Reputation: 15174
I am looking at a generic looking HTML table containing some values I need to extract.
An example of the table looks like:
<table width="100%" class="list">
<tbody>
<tr>
<td><font style="font-family:Verdana; color:black; font-size:8pt; "><label>Project Number</label></font></td>
<td><font style="font-family:Verdana; color:black; font-size:8pt; ">123456</font> </td>
</tr>
<tr height="22">
<td><font style="font-family:Verdana; color:black; font-size:8pt; "><label>Report Number</label></font></td>
<td><font style="font-family:Verdana; color:black; font-size:8pt; ">REP445566</font></td>
</tr>
</table>
What I want to do is get the values pulled out from the second <td>
tag.
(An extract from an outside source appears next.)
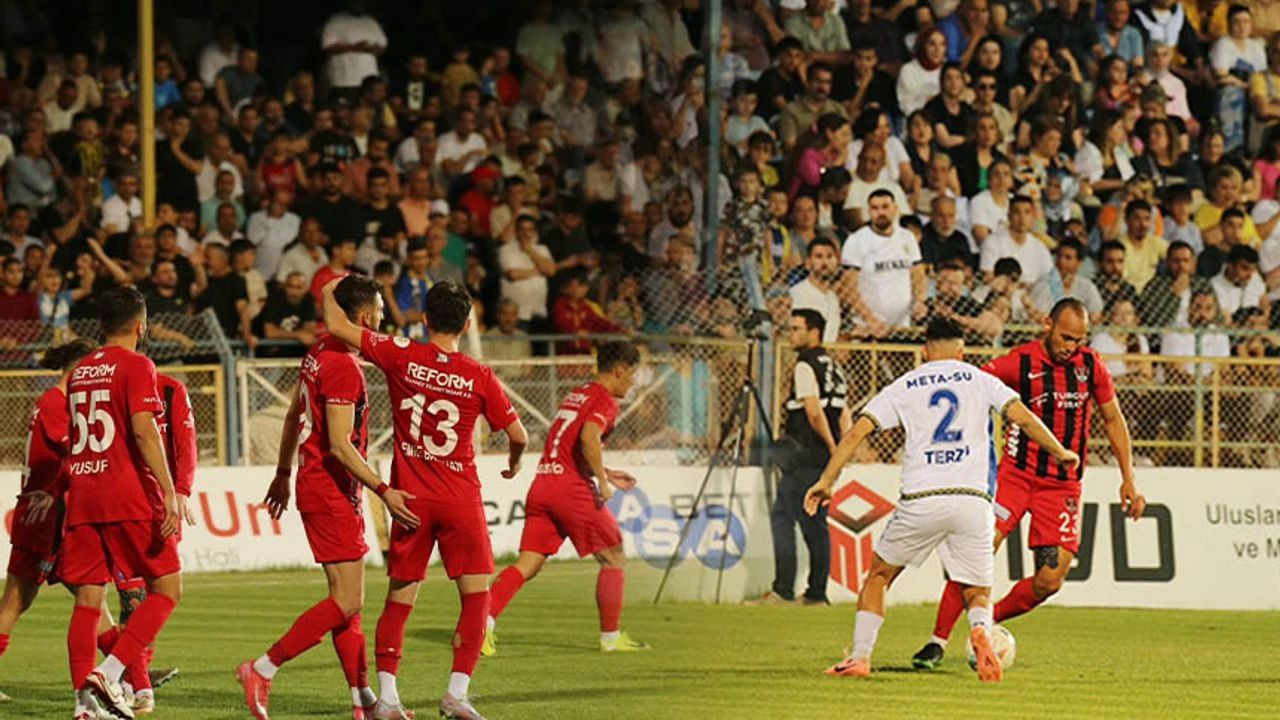 Vanspor 1. Lig yolunda: Menemen FK elendi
I don't want to have to do an Element for the table, then another for the <tr>
tag, another for the <td>
then another for the <font>
. I am curious if there is a way to select something like "tr > td > font" so I can avoid having to create multiple Elements to drill down to the value of the font.
What I have so far is :
Elements listTables = doc.getElementsByClass("list");
// There is a table above the one I want to use
Element mainTable = listTables.get(1);
Elements trs = mainTable.select("tr");
for (Element tr : trs) {
Elements tds = tr.select("td");
Element label = tds.get(0);
if (tds.size() > 1) {
Element value = tds.get(1);
// This gets me the td, now I need the value of the font
}
}
Upvotes: 1
Views: 569
Reputation: 301
Sure, Jsoup is very powerful! Try this
String tdPath = "table > tbody > tr > td:nth-child(2)";
Elements secondTd = doc.select(tdPath);
Upvotes: 2
Reputation: 2507
You need to use a css selector query:
Elements e = d.select("table.list > tbody > tr > td + td");
for(int i=0;i<e.size();i++)
System.out.println(e.get(i).text());
Output:
123456
REP445566
Upvotes: 2